TELECOM-10654: Rewrite permission module storage backend #87

benceszigeti · 2025-01-06T17:14:03Z

No description provided.

bcnewlin · 2025-01-06T21:52:08Z

What is the reasoning for using a fixed table length that grows by doubling in size vs copying the mechanism used for addresses using a hash table with linked list buckets? That allows the list to grow more closely aligned to usage, instead of periodic potentially large allocations to double the table.

If it is because of the group sorting mechanism that currently exists, that seems pretty unscalable as well. Perhaps what is needed is a multi-level table. First partitioned on group, and then for each group containing a hash table like for addresses? The first tier could then just be a sorted linked list and grow dynamically as well, since the group values are known to always be integers so hashing isn't required.

benceszigeti · 2025-01-07T01:32:43Z

@bcnewlin

What is the reasoning for using a fixed table length that grows by doubling in size vs copying the mechanism used for addresses using a hash table with linked list buckets? That allows the list to grow more closely aligned to usage, instead of periodic potentially large allocations to double the table.

Honestly, I went with an easy modification to remove the hardcoded limit only, since, anyway, the number of elements will be reasonable, so this implementation will not be a performance or space bottleneck.

(I implemented it similarly to how std::vector works in C++: multiplying the initially reserved capacity by 1.5 or 2.0 when growing, which results in fewer syscalls, a more cache-friendly memory layout, but it uses more space and is slower for looking up elements by value.)

I do agree that we can optimize. The hot/critical path seems to be the lookup, so I agree that an unordered map is definitely a better choice. What I miss from the current implementation is the growing and rebalancing when buckets become too big -- this can also harm performance.

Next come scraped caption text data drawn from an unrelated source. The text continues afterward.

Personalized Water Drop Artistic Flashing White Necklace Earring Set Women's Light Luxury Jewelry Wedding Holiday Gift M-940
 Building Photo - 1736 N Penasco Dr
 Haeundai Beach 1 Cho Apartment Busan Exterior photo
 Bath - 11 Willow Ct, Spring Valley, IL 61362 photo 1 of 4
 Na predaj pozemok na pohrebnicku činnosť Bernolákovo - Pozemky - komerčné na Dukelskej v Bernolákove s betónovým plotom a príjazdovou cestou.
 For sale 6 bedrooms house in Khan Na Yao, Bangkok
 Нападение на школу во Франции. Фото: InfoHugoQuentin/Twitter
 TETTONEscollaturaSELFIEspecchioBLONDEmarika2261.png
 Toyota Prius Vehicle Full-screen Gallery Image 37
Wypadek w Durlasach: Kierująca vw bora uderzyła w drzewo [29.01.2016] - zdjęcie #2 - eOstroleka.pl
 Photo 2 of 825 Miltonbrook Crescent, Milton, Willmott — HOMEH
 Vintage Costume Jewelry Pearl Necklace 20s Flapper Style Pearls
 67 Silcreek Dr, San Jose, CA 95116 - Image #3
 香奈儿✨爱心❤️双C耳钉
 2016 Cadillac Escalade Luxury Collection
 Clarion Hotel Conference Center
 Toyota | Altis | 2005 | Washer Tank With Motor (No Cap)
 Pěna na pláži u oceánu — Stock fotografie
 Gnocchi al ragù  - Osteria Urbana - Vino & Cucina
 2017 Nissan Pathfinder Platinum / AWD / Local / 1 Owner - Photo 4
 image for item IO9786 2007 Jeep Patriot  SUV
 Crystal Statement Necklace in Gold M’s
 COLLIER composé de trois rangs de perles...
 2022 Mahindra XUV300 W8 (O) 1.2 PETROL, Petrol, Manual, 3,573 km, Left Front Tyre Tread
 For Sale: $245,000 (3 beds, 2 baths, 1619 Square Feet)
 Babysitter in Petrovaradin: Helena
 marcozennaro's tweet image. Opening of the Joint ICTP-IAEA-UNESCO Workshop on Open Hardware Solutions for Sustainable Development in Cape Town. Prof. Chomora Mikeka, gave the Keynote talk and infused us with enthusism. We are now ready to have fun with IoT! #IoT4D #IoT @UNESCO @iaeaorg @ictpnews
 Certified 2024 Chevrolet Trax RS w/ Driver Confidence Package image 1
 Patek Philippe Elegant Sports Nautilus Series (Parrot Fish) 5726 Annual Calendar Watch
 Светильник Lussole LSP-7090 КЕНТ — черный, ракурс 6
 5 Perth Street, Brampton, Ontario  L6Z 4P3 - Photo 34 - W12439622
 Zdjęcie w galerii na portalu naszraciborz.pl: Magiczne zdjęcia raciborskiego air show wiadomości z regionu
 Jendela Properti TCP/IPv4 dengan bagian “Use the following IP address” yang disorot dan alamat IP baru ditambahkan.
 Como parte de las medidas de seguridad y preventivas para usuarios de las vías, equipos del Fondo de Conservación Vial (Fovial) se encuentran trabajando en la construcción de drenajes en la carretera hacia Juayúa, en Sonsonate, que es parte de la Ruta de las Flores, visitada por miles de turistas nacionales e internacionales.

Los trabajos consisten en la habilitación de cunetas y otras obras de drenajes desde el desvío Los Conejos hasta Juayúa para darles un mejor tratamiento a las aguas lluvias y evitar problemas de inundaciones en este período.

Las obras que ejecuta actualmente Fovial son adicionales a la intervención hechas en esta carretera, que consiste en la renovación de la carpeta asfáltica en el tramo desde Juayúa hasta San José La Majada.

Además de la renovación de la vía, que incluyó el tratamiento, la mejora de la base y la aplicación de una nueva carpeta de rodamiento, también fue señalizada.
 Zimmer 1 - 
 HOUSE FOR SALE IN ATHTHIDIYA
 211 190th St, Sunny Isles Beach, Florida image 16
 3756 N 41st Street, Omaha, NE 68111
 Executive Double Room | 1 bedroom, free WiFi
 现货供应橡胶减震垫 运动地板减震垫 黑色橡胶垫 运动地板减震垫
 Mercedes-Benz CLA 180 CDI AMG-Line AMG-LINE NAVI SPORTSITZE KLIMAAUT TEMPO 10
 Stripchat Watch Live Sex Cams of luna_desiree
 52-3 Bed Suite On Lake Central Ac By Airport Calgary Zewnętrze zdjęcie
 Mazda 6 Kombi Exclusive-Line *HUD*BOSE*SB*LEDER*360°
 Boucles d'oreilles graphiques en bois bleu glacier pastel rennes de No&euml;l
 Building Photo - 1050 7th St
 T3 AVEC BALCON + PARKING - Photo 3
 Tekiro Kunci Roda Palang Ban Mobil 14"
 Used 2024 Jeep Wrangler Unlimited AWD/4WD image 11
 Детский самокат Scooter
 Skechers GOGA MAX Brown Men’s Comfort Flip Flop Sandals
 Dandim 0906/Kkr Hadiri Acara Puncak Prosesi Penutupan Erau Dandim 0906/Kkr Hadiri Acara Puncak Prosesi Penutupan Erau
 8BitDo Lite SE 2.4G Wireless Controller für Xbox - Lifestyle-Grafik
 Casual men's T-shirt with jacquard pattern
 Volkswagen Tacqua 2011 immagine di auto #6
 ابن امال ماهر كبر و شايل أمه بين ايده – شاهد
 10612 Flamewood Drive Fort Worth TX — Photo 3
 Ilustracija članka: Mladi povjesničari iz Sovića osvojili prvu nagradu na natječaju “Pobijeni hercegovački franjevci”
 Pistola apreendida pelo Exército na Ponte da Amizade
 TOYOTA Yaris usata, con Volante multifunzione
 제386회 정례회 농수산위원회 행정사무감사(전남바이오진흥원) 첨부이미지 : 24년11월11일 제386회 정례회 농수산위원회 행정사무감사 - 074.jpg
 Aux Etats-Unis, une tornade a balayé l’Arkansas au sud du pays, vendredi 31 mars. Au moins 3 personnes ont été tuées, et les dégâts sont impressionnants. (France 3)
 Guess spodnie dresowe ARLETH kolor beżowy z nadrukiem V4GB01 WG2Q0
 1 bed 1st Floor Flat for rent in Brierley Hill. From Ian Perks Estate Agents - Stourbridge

If it is because of the group sorting mechanism that currently exists, that seems pretty unscalable as well. Perhaps what is needed is a multi-level table. First partitioned on group, and then for each group containing a hash table like for addresses? The first tier could then just be a sorted linked list and grow dynamically as well, since the group values are known to always be integers so hashing isn’t required.

Sounds good to me.

I will rework the PR to use more reasonable storage containers.

bcnewlin · 2025-01-07T02:24:44Z

I didn't mean that this solution wouldn't work. I think it will be fine since, as you said, the numbers should be reasonable. However, we don't actually have any limits in place and nothing would stop a few customers from being very unreasonable.

I certainly don't think a re-write is required, but would support if you want to optimize. The answer of going with this solution because it is a fast implementation and computationally less complex is a good answer. :)

This reverts commit ea7fb17.

benceszigeti · 2025-01-09T14:36:56Z

@bcnewlin

Your proposed solution, I believe, results in much faster runtime behavior, so I think we should proceed with it, with a slight modification.

struct subnet and struct address_list differ only in that struct subnet also stores the subnet mask. If we reuse the address storage for subnets as well, then:

We can remove a lot of code, resulting in a simpler codebase, though with slightly larger storage requirements -- since we store the mask (32 or 128) along with addresses, which is a fair tradeoff I think.
Both address and subnet lookups will benefit from partitioning into groups, leading to faster lookup.
Generally, lookup will become faster, as we currently perform an initial lookup by address and then by subnet if no results for the address lookup. With this change, we can merge the two processes, simplifying the usage side as well.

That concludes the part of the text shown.